Opinion
No. CV 00-0597443
November 4, 2003
MEMORANDUM OF DECISION
I.
The plaintiff, Preston Board of Education (Board) and the defendant, Civil Service Employees Affiliates, Local 760, are parties to a written collective bargaining agreement (agreement) dated July 1, 1997 June 30, 2000. Said agreement included a grievance procedure for the resolution of disputes. The defendant filed a grievance with the Board on behalf of Patti Daniels (grievant), the most senior bus driver with 26 years of experience, claiming that the grievant was required to drive a new run without compensation in violation of Sections 17.0, 17.4 and 17.6 of the agreement. Said violation allegedly resulted when the grievant was told by the Board that she would split her afternoon high school and K-8 run by taking the high school students off her bus and exchanging them for Pre-K children. The Board claims that a simple adjustment of replacing one stop with another does not constitute a new run. Moreover, the Board claims that the driver's working hours did not alter as a result of said modification since the run ended as it did prior to the change.

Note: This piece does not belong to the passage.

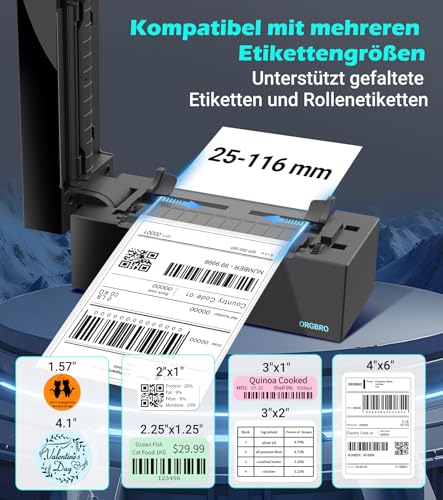 ORGBRO Bluetooth Etikettendrucker Z1 Plus DHL Thermodrucker Etikettiergerät 4x6 Versandetiketten Drucker Labeldrucker für Barcode, Adresse, Kompatibel mit Amazon, Etsy, Shopify, Schwarz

Pursuant to level four of the grievance procedure, the parties submitted the grievance to the State Board of Mediation and Arbitration (arbitration panel or panel). On December 15, 1999, an arbitration hearing was held before a three-member panel at which both parties presented evidence. The parties advanced the following joint submission to the arbitration panel: Did the Preston Board of Education violate the Collective Bargaining Agreement between the parties when it changed the grievant's route? If so, what shall the remedy be?
The arbitration panel issued its written decision finding that the Board had violated the agreement, and, as a remedy, ordered the Board to pay the grievant one hour for each day that grievant was compelled to complete what the panel considered to be a new and involuntary run. The Board thus filed this application, pursuant to Connecticut General Statutes § 52-418 and § 52-419, seeking to vacate the award maintaining that the arbitration panel exceeded its power in making its decision, made an evident material miscalculation of figures, and issued an imperfect award in matter of form. The Board also claims that the award violates this state's public policy which prohibits both punitive awards against a municipality and misappropriation of school funds.
II. A.
It is well established that "[t]he scope of review by the court of an arbitrator's power to make an award is limited. Arbitration is a creature of contract between the parties and its autonomy requires a minimum of judicial intrusion . . . The parties themselves, by the agreement of the submission, define the powers of the arbitrator . . . The submission constitutes the charter of the entire arbitration proceedings and defines and limits the issues to be decided . . . When the parties have agreed to a procedure and have delineated the authority of the arbitrator, they must be bound by those limits . . . An application to vacate or correct an award should be granted where an arbitrator has exceeded his power. In deciding whether an arbitrator has exceeded his power, we need only examine the submission and the award to determine whether the award conforms to the submission." (Citations omitted; internal quotation marks omitted.) Hartford v. International Assn. of Firefighters, Local 760, 49 Conn. App. 805, 811-12, 717 A.2d 258, cert. denied, 247 Conn. 920, 722 A.2d 809 (1998).
"The authority of an arbitrator to adjudicate the controversy is limited only if the agreement contains express language restricting the breadth of issues, reserving explicit rights, or conditioning the award on court review. In the absence of such qualifications, an agreement is unrestricted . . . Even in the case of an unrestricted submission, [our appellate courts] have, however, recognized three grounds for vacating an award: (1) the award rules on the constitutionality of a statute . . . (2) the award violates clear public policy . . . or (3) the award contravenes one or more of the statutory proscriptions of [General Statutes] § 52-418." Id.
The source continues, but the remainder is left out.